LAHORE - There were 1,532 pending cases with the Commission of Inquiries on Enforced Disappearances (CIED) in the beginning of 2018 and 116 more cases were registered in February 2018 alone, a report said Wednesday.
To counter the prevailing situation, more than 100 Pakistani academicians and intellectuals from 49 different universities have signed a petition against enforced disappearances in the country. They include novelist Bapsi Sidwa, historian Ayesha Jalal, political scientist Rasul Bux Raees, Saeed Shafqat, Tariq Rahman, Muhammad Waseem, Kauser and others. The petition was drafted by a group of academics from various universities.
Several protests are staged against enforced disappearances every week by Pashtun and Baloch organisations as well as civil society in Quetta, Karachi, Hyderabad, Lahore, Islamabad and other parts of the country.
Naeemul Haq of FC College says, “This is quite significant that such big names of Pakistani academics from 49 different universities within the country and abroad have signed it.”
The petition titled, “The policy of enforced disappearances is Illegal, Inhuman and counterproductive”, has been addressed to President Mamnoon Hussain, Prime Minister Shahid Khaqan Abbasi, Chief Justice Mian Saqib Nisar and Chief of Army Staff General Qamar Javed Bajwa.

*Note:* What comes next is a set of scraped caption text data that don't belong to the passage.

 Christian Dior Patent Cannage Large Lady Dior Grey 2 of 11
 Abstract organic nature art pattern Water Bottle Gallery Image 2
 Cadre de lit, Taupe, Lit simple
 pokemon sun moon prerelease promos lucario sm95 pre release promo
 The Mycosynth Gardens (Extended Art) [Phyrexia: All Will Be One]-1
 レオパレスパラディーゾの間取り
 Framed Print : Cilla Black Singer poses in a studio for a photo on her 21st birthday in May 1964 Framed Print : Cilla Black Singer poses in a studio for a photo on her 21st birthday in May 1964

The petition states, “We, the undersigned, are deeply distressed by what appears to be official policy to rely upon the practice of enforced disappearance as a means of narrowing the bounds of allowable speech in Pakistan.”

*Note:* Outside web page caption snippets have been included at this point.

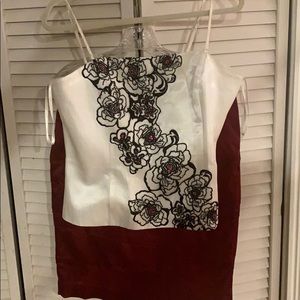 2 piece set satin holiday outfit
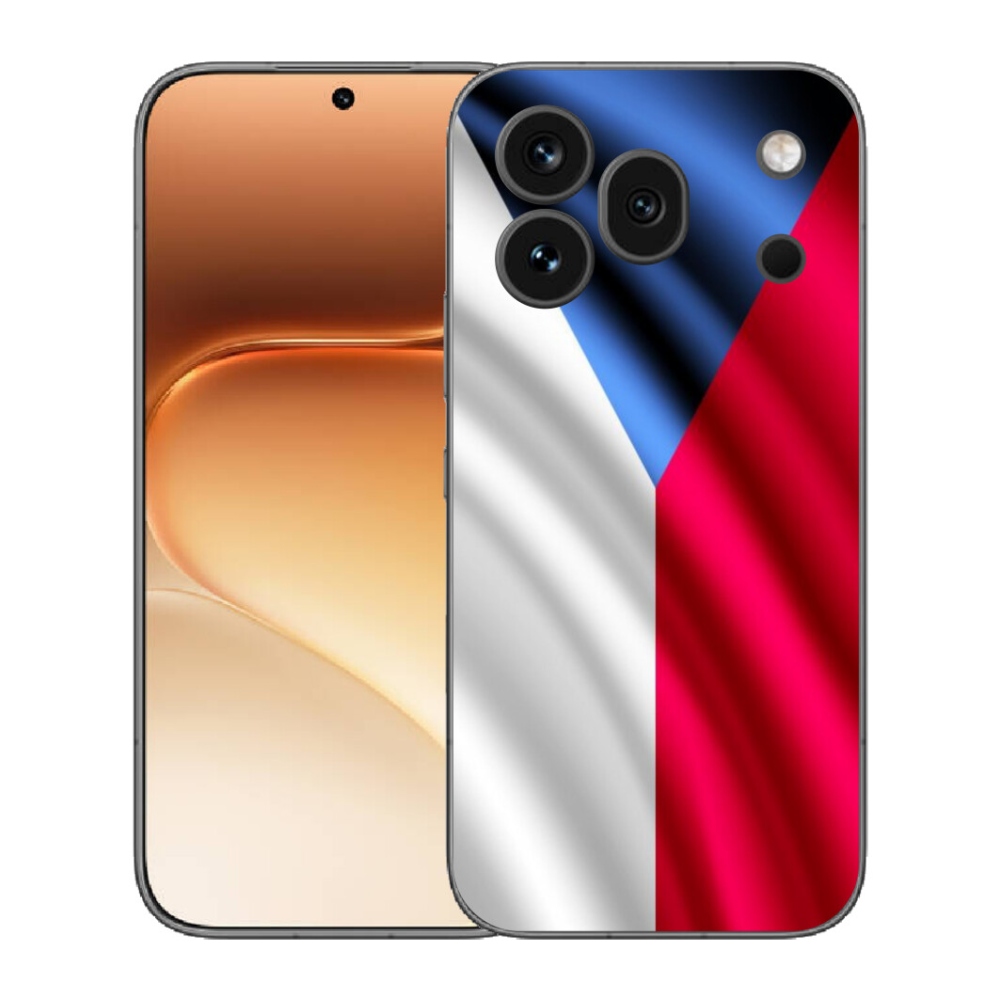 Gelový kryt mmCase na Honor 600 Pro - česká vlajka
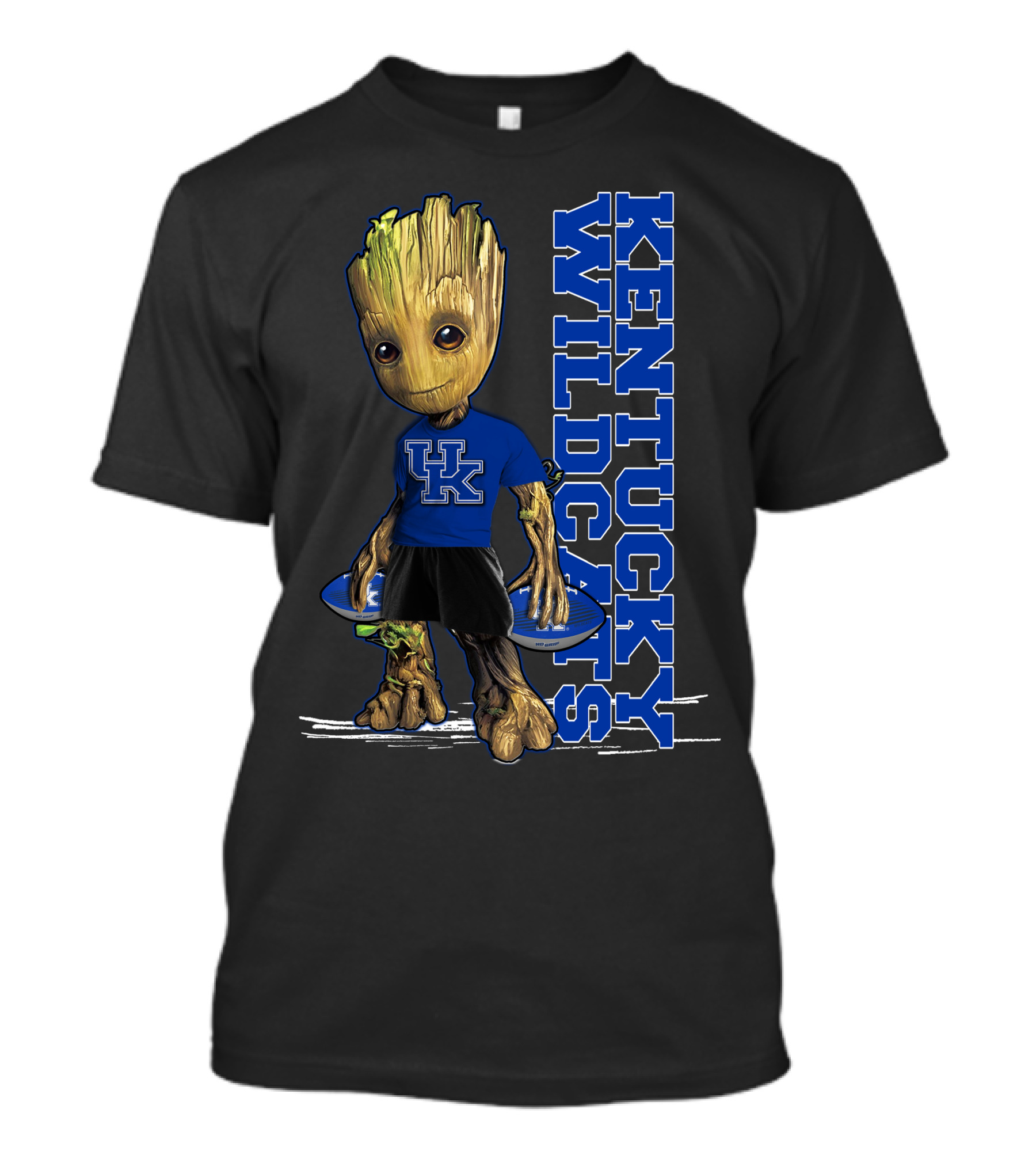 Groot Kentucky Wildcats UK Basketball Crossover T-Shirt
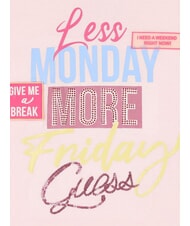 GUESS KIDS Camiseta con pedrería y lentejuelas ballet rosa - Camiseta niño - 3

“As teachers and academics, we are concerned that the practice of enforced disappearance is being used to create fear and insecurity amongst the very people who are creative and intellectuals of our nation. The voice of those who struggle for a collective conscience and thriving cultures of critical debate are also being silenced through enforced disappearances,” the petition says.
“We have a firm belief that no threats to the nation are grave enough to justify recourse to enforced disappearances as the state policy. We feel that our system of justice is robust enough to deal with legitimate threats through procedural justice. Without recourse to law, the victims of forced disappearances are political prisoners and prisoners of conscience,” the petition states.

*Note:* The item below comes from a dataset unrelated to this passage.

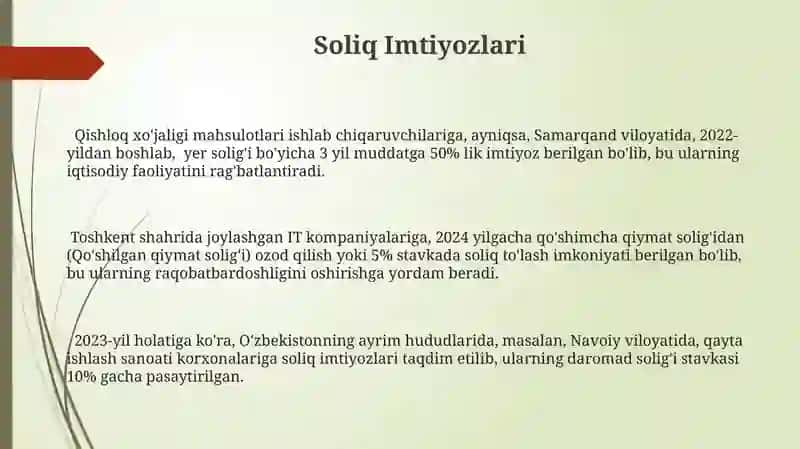 Foyda soligʻi 3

The petition adds: “The practice of enforced disappearances is violation of citizens’ human, social and political rights under the constitution of Pakistan’s articles 4, 9, 10 & 14, and articles 3, 5, 6, 9, 10 and 19 of Universal Declaration of Human Rights.
“We consider enforced disappearances as antithetical to democratic development and a civilised society. These are also counterproductive to the nation and peace-building,” it reads.
The academics also called upon political parties to play their role in expanding democratic space by resisting this practice.
Human Rights Commission of Pakistan also urged Pakistani authorities to take robust measures to end the illegal practice of enforced disappearance and bring the perpetrators to justice.